* U.S. ISM non-manufacturing index rises in September
* U.S. private-sector payrolls top expectations
* Focus on U.S. non-farm payrolls (Repeats to additional subscribers without any changes to text)
NEW YORK, Oct 4 (Reuters) - U.S. Treasury debt yields drifted higher on Wednesday after a measure of U.S. services sector activity hit a 12-year high, offsetting some concerns about an upcoming payrolls report.
Yields took off after data showed that the U.S. non-manufacturing index as measured by the Institute for Supply Management rose to 59.8 last month from 55.3 in August. The consensus expectation was for a reading of 55.5.
U.S. long-dated yields, which move inversely to prices, hit session highs after the data. But by mid-afternoon, yields came off their peaks.
"This could just be a little bit of a clean-up," said Tom Simons, money market economist, at Jefferies in New York. "My sense is that there are a lot of shorts out there, but there wasn't enough selling to push yields a lot higher, so some guys started to cover a little bit."
Yields were lower for most of the morning session prior to the ISM data, pulled down by uncertainty surrounding the upcoming U.S. non-farm payrolls report. That data was expected to reflect hurricanes that hit the United States last month.
"The level of uncertainty surrounding payrolls has been high," said Bruno Braizinha, interest rates strategist at Societe Generale in New York. "Economists find it hard to understand the effects of the hurricane on payrolls."
Wall Street economists expect just 90,000 new U.S. jobs for September, down from 156,000 in August, according to a Reuters poll.
Jefferies' Simons said many investors believed Friday's payrolls would be distorted in some way by the hurricanes.
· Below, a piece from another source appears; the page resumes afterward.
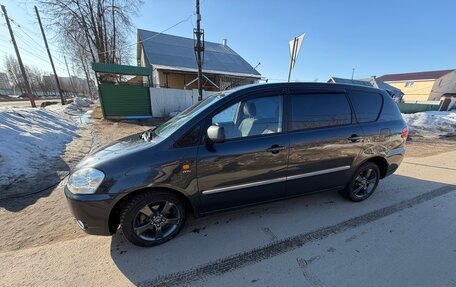 Toyota Avensis Verso I рестайлинг, 2003 год, 750 000 рублей, 11 фотография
"So I don't know if there are many folks out there looking at this payrolls number for direction," he added.
A report by payrolls processor ADP on Wednesday showed that U.S. private employers added 135,000 jobs in September, exceeding economists' expectations despite Hurricanes Harvey and Irma significantly impacting smaller retailers.
The jobs gain reported by ADP though was the smallest monthly increase since October 2016.
Aaron Kohli, rates strategist at BMO Capital Markets in New York pointed out that it is difficult to determine what the ADP number implies about Friday's jobs report.
"The on-consensus (ADP) read leaves the market still expecting a soft non-farm payrolls due to hurricane effects," he said.
In late trading, the benchmark 10-year U.S. Treasury note yield was at 2.333 percent, up from 2.332 percent late on Tuesday, while the 30-year yield was at 2.877 percent, compared with Tuesday's 2.872 percent.